When Cave Story arrived as a PC freeware title in 2004 it, quite rightly, gained a cult following. Here was a game which offered a platform adventure with a depth that was hitherto unseen outside of full blown commercial games, but was free to anyone with access to a PC who cared to download it. It also arrived at the time when 3D was in full swing and there was a distinct lack or 2D titles. Now with such titles being brought back into the gaming fold with gusto thanks to services like WiiWare, there’s a certain delicious irony about Cave Story arriving on the recently established platform.
With Nicalis helping to port the game to a chargeable format, perhaps the biggest question remains whether or not it’s actually worth the money. After all, the game is six years old and we all know that such an extensive period in this medium can take its toll on even the most hallowed of titles which were `of their time`.
Following the adventure of the main character Quote, the game throws the player in at the deep end, with him having lost his memory and trying to piece things together. The game lives or dies on its ability to actually capture the player in the here and now, succeeding admirably thanks to its charming pixel art style, mixed with some solid 2D platforming. Cave Story really does capture that old style essence of adventuring for items and progressing through the side scrolling platforming levels. There are items to collect, lots of places to explore, fetch quests to complete and even backtracking through areas, all of which are the certified hallmarks for the genre. Cave Story manages to carry them all off with charm, but at the same time retaining that edge which reminds you that you’re playing, what remains to this day, a labour of love rather than a cynical commercial outing.

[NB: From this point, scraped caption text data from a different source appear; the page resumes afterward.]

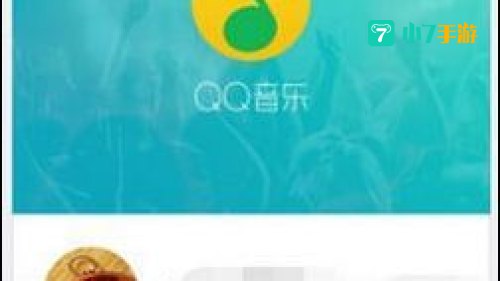 qq音乐抽奖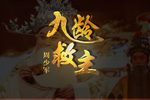 九龄救主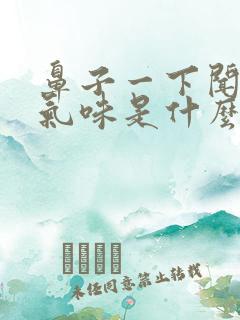 鼻子一下闻不到气味是什么原因?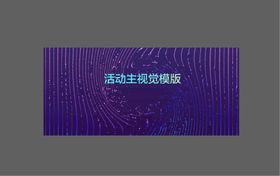 绚丽模版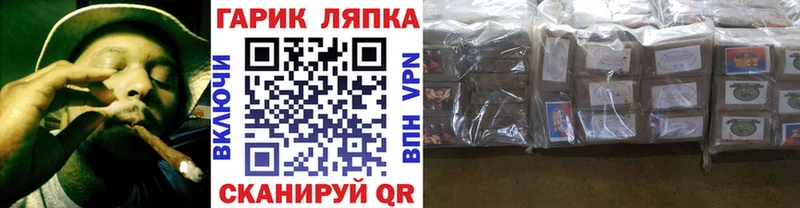 ГАШ ice o lator  где купить   Бердск 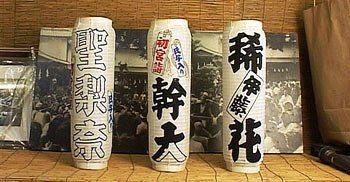 大嶋屋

The game cleverly employs a power up system so that, while defeated enemies drop hearts to replenish health, the obscure line up of weapons can also be upgraded by collecting the experience chits. Being hit by enemies doesn’t just decrease your health but the level of your weapon too, meaning if you aren’t careful your hand cannon will revert to a peashooter when you need it most. Die and the game is not particularly forgiving, putting you back to your previous save. Thankfully the save points themselves are plentiful, but the player will need to get into the habit of saving often if they’re to avoid having to redo chunks of the game, particularly after a frantic boss battle.

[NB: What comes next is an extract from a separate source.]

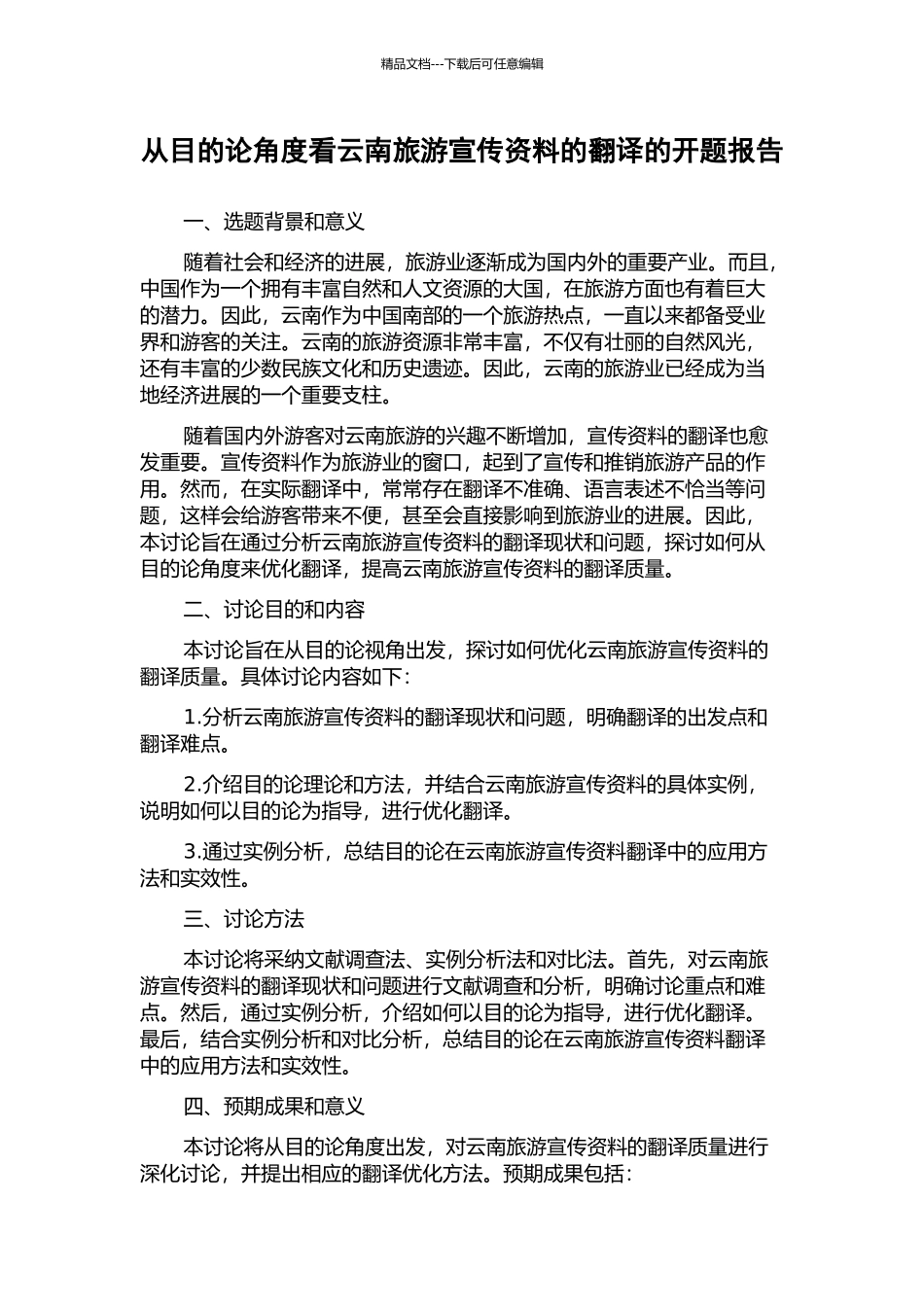 从目的论角度看云南旅游宣传资料的翻译的开题报告_第1页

While some recent remake games can be accused of cashing in, it would be hard to argue that this version of Cave Story isn’t worth every penny. Along with the basic elements of gameplay holding up as well as they did back then, the game has had its sprites redrawn and music updated. For those that have played the game before and had their memories dulled over time, the game includes options to switch between the old and new styles to prove this isn’t just a straightforward cut and paste. It’s also the first time the game has received an official translation into English and it’s arguably all the better for it, giving it a more modern day relevance alongside the original feel. There are also some new additions such as the Boss Rush mode and Curley’s Story, the chance to play the game from a slightly different perspective as another character.
All this means the WiiWare release is considerably more than a quick cash in. Perhaps the single greatest addition is the most natural; the ability to play the game on a controller, streamlining an experience which was often frustrating when using a PC’s keyboard.
Die hard fans of Cave Story will certainly love this release and, any snobbery aside, will be glad that with this version allows a whole new generation of players to discover why their cherished game is so highly regarded.